Below is an article I wrote that was published in Harmonica World Magazine late last year:
The Blue Saturday was advertised not just as a gathering of harmonica players but a day of tuition and workshops, followed by a jam session and an evening concert. The wegottickets website offered three different tutors and three different standards: Richard Taylor teaching beginners classes, Hugh Budden with the intermediate/advanced and Giles King with advanced playing. The techniques and topics they would be covering were clearly listed, I just needed to click and book.
Job done. This Blue Saturday was already looking quite slick and very well organised. High Wycombe offered a good choice of local hotels at reasonable prices, all just minutes walk from the venue.

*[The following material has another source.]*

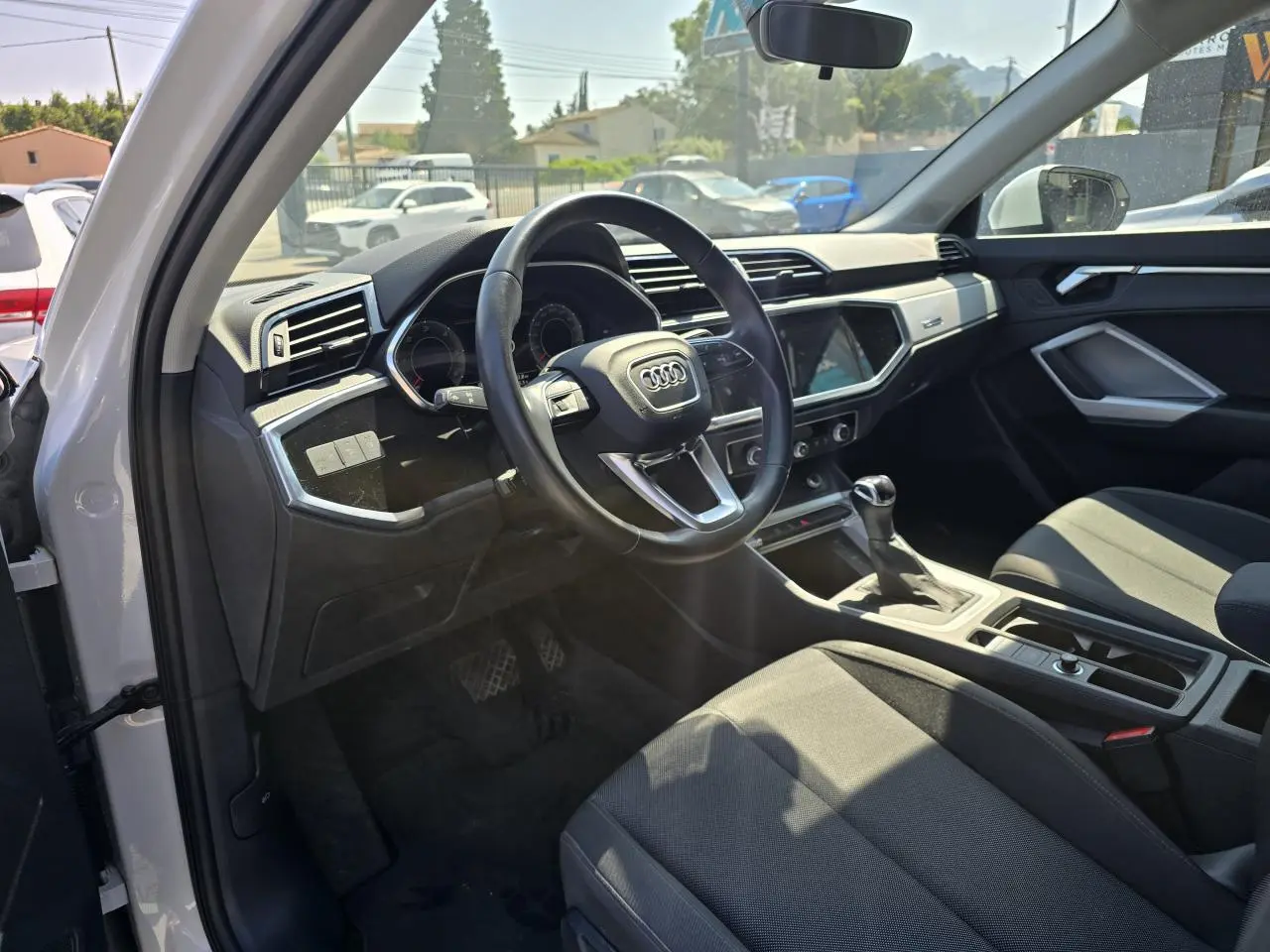 Vue intérieure côté conducteur de l'Audi Q3 blanc 2022, volant cuir multifonctions et tableau de bord moderne.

The Arts4All Centre is centrally placed within the town and well set up with multiple rooms ideal for workshops. Clear space and multiple doors between each room meant that any noise from amps or group playing would not disturb other workshops. Upon arrival I met Big Azza who totally lived up to his name as a giant of a man. I was welcomed, signed in, name badged and wrist-banded according to which workshop I would be attending. The wrist bands helped identify immediately who I would be spending the day with and I felt that it really helped break the ice. We even received
a free gift of a beautiful leather harmonica pouch and a tie pin. A couple of fellow attendees were already milling around and more ice was broken over a coffee and discussions about what harps we preferred and our playing experience.

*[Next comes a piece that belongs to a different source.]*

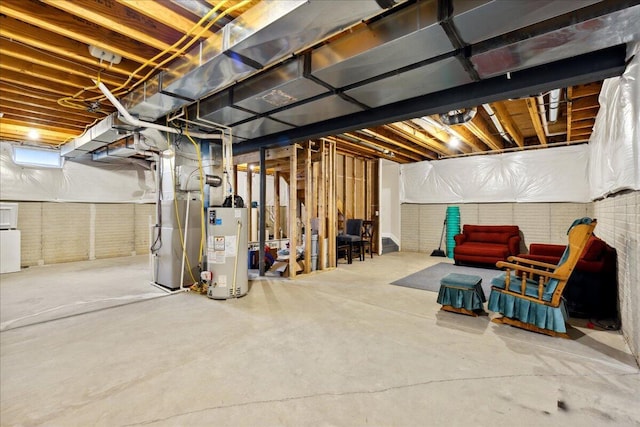 unfinished below grade area featuring gas water heater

It’s fair to say that I am a very experienced harmonica player, but I have to tell you that this event demonstrated to me that there is always something for all of us to learn. I learnt a microphone technique from a fellow workshop attendee, I learnt acoustic and electric tone projection along with a deeper vibrato from Giles King as well as a new way of thinking about how many harps to take to a gig from Hugh Budden. The tuition continued unwittingly into the evening concert as I received a lesson in frontmanship (my new word, dedicated to the man) from watching Hugh Budden’s excellent onstage persona. Richard Taylor’s working of a band in a live situation was formidable as
he directed which chords they were to play AS he was singing!
For me personally the event served to make new connections and to be inspired to get out of the rut I felt my playing had slipped in to. It had been a few years since I last attended an event and my experience this time means that I will be attending regularly once more.
Well done and thanks to Big Azza and crew, a great event. See you next at the next one.